Mon, Sep 24, 2018 | By publisher


Business

The African Capacity Building Foundation, ACBF, the specialized agency of the African Union for capacity development, can help Nigeria create an institution to coordinate the activities of all its agencies involved in fighting illicit financial flows, IFF, to enable them perform better.

Prof. Emmanuel Nnadozie, Foundation’s executive secretary, made the offer recently at the Second Abuja International Conference on combating IFF, saying that such a coordinating body would help in capacity development and information sharing among the country’s anti-corruption agencies. It will also provide regulatory and legislative support, assist with monitoring and evaluation, as well as enhance asset recovery and repatriation, he said.

“ACBF can help in establishing such an institutional mechanism,” he said. “The challenges experienced by these institutions overwhelm their implementation capacities.”

Prof. Nnadozie said Nigeria’s anti-corruption bodies are beset with challenges such as shortages of funds, duplication of responsibilities, inadequate skills, and insufficient equipment.

In spite of these challenges, Nigeria represents the most successful case of asset recovery by a country, having so far recovered $2.3 billion illicitly transferred by the late military head of state Gen. Sani Abacha, he said.

The ACBF can help them to mobilize resources, conduct capacity needs assessment, develop capacity and implement programs to address gaps identified during the assessment exercise, he said.  The Foundation also trains parliamentarians to track, stop and retrieve IFF from Africa, said Prof. Nnadozie.

Among institutions that could benefit from the proposal are the Economic and Financial Crimes Commission, the Independent Corrupt Practices and other related Offences Commission, the Nigeria Customs Service, the Nigeria Drug Law Enforcement Agency, and the Special Control Unit against Money Laundering, he said.

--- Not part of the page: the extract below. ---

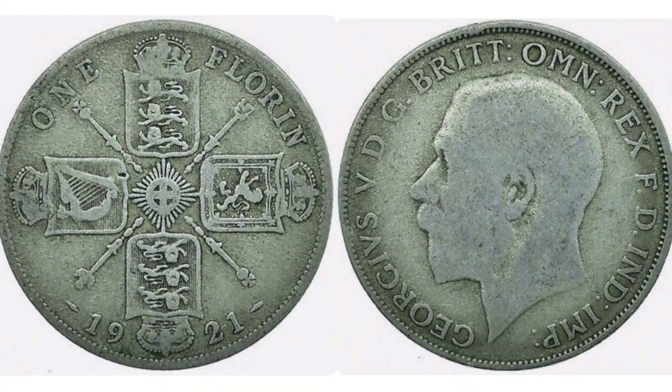On the left hand side you have got the stunning quartered shield. You've got the crowned house sign of England at the top and bottom in the middle, on the right hand side the house sign of Scotland, and on the left we have got the harp, the house sign of Northern Ireland. Finishing off in the middle of the coin we have got the Garter Star.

ACBF, based in Harare, was last year designated as the African Union’s specialized agency for capacity development. Since its inception in 1991, it has committed more than $30 million to developing human and institutional capacity in Nigeria. Its support for the National Institute for Legislative Studies, NILS, Abuja helps lawmakers to perform better; it is developing science, technology, engineering and mathematics skills of the youth at the African University of Science and Technology, AUST, also in Abuja, and improving the expertise of public policy makers at the Lagos-based West African Institute of Financial and Economic Management, WAIFEM.